The answer is ｢YES｣ Let p(1)＜...＜p(1990) are prime numbers and S=p(1)+...＋p(1990).Consider the 1990 numbers S!+p(1),...,S!+p(1990).Let's proof that these numbers are satisfied the conditions. ①pairwise coprime If ∃a（≧2） s.t. a|S!+p(i) , a|S!+p(j) (i＜j).a|p(j)-p(i) so a＜p(j).Then a|S! and so a|p(i),p(j).This is contradiction. ②sum of some numbers is composite Let consider k（≧2） numbers S!+p(i)...S!+p(j).Sum of these numbers is k･S!+p(i)+...＋p(j).This sum is divisible by 2≦a=p(i)+...＋p(j)≦S. The proof is completed.
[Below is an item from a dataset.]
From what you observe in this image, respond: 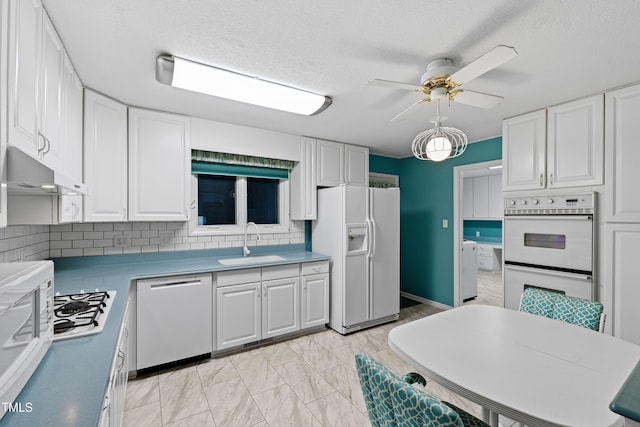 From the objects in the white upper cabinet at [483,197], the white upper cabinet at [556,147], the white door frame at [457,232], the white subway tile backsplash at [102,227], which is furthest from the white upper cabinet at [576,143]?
the white subway tile backsplash at [102,227]

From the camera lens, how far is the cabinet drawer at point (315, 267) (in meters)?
3.20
The answer is yes. Let the prime numbers which are less than $1990$ be $2=p_1 < 3=p_2 < ... < p_n$. Let $a_i \equiv 1\pmod{p_j}$ for all $1\leq i \leq 1990$ and $1\leq j \leq n$. We know such $a_i$ 's exist because of the Chinese Remainder Theorem. So $a_i \equiv 1\pmod{p_1p_2...p_n}$ for all $1\leq i \leq 1990$. And also it is clear that we can select the $a_i$ 's such that they are all coprime and this sequence satisfies the condition above.